Purpose : Endothelial progenitor cells (EPCs) promote angiogenesis, maintain and regenerate the vasculature. We have recently demonstrated that early EPCs represent circulating angiogenic cells (CACs) which express haematopoietic markers and are molecularly and functionally similar to M2-macrophages. CACs-based cytotherapy significantly enhances vascular repair in the murine ischaemic retina and is mediated by paracrine release of angiogenic factors. This pro-angiogenic potential of CACs could be harnessed as a novel cellular therapy for the treatment of diabetic retinopathy. However, since CACs are akin to M2-macrophages, a switch between their pro-angiogenic and pro-inflammatory phenotype is possible and will be dictated by their environment. Therefore, the plasticity and pro-angiogenic function of CACs needs to be assessed within the context of a diabetic milieu.

Methods : CACs were compared to M1 and M2 polarised macrophages, by transcriptomics analysis, gene expression, flow cytometry, and 3D tubulogenesis assay. CACs were exposed to 30mM D-glucose (high DG) for 4 days. In vitro 3D-angiogenesis assay was used to assess the pro-angiogenic potential of CACs and their conditioned medium on retinal microvascular endothelial cell (RMEC) tube formation. Gene expression from high DG-treated cells was compared to M1 and M2-macrophages by RT-qPCR.

Results : Flow cytometry-based cell surface immunophenotyping clearly distinguised CACs from M1 and M2 macrophages based on their high expression of CD163 and lack of ICAM1. High DG significantly reduced the pro-angiogenic potential of CACs and their conditioned medium on retinal microvascular endothelial cell (RMEC) tube formation (P<0.0001), compared to the untreated control (5mM DG) and the osmotic control (5mM DG + 25mM L-Glucose LG). DG-treated CACs induced a more M1 pro-inflammatory profile, with higher levels of IL1alpha, IL1beta, and IL6 and lower levels of M2 markers CD163 and CD204.

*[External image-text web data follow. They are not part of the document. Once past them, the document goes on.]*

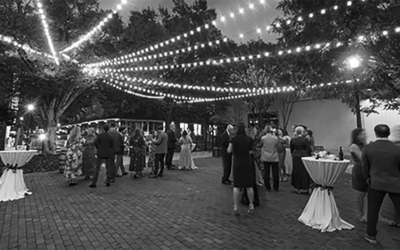 5 Reasons to Host Your Corporate Party at The Grove in Downtown Raleigh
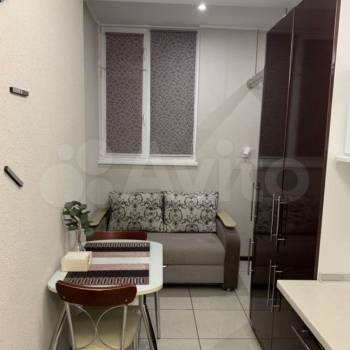 Продается 1-комнатная квартира, 32,4 м²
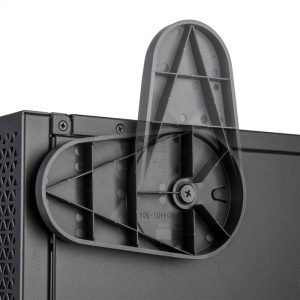 SilverStone SST-RM52 5U Server Case with Liquid Cooling Support : image 10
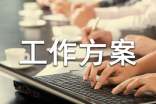 實用的工作方案錦集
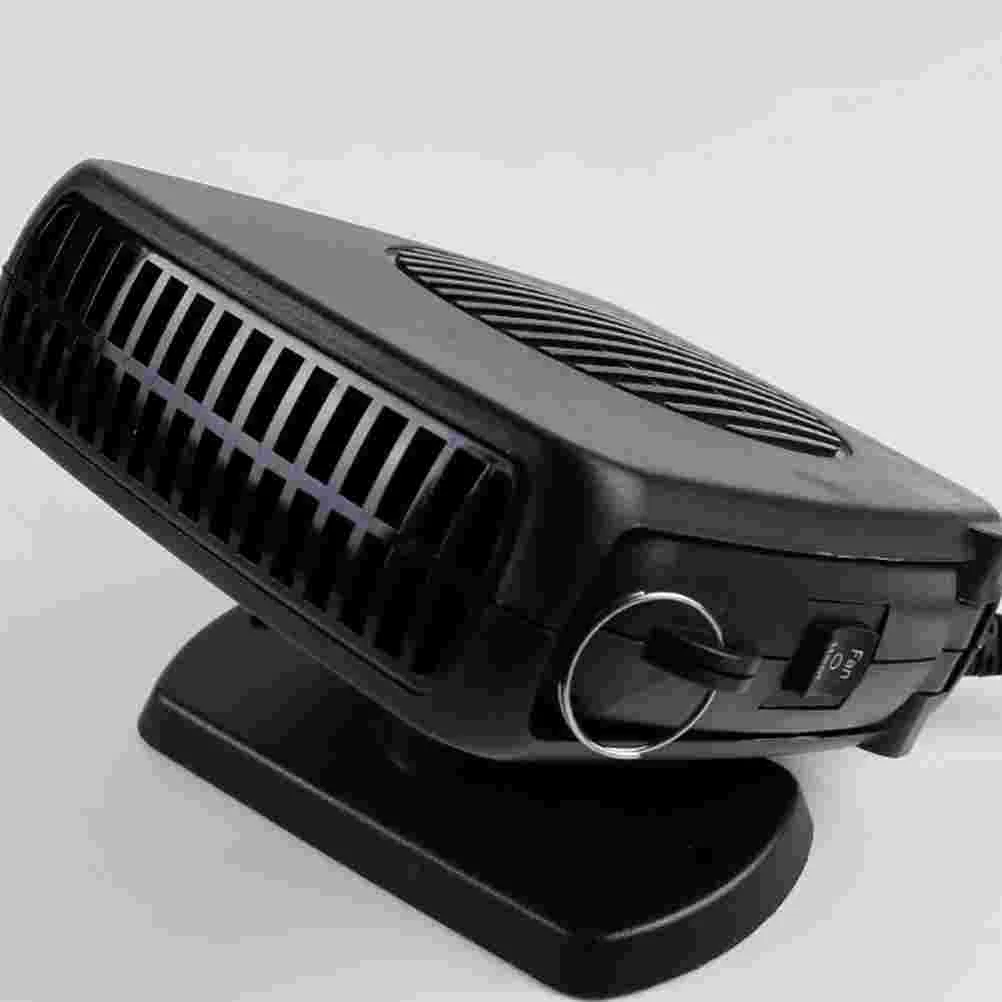 Snow Defogger Auto Air Conditioner Heating and Cooling Car Warmer Heater Defroster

Conclusions : This study shows that although CACs are capable of inducing angiogenesis and act as M2 macrophages, they have a reduced capacity to promote angiogenesis when exposed to high DG in vitro. This significant decrease in vasoreparative properties is coupled to phenotypic changes towards a more M1 profile, potentially driven by IL1beta. The plasticity of CACs is an important consideration when delivering them as a cellular therapy into the diabetic milieu.

This is an abstract that was submitted for the 2016 ARVO Annual Meeting, held in Seattle, Wash., May 1-5, 2016.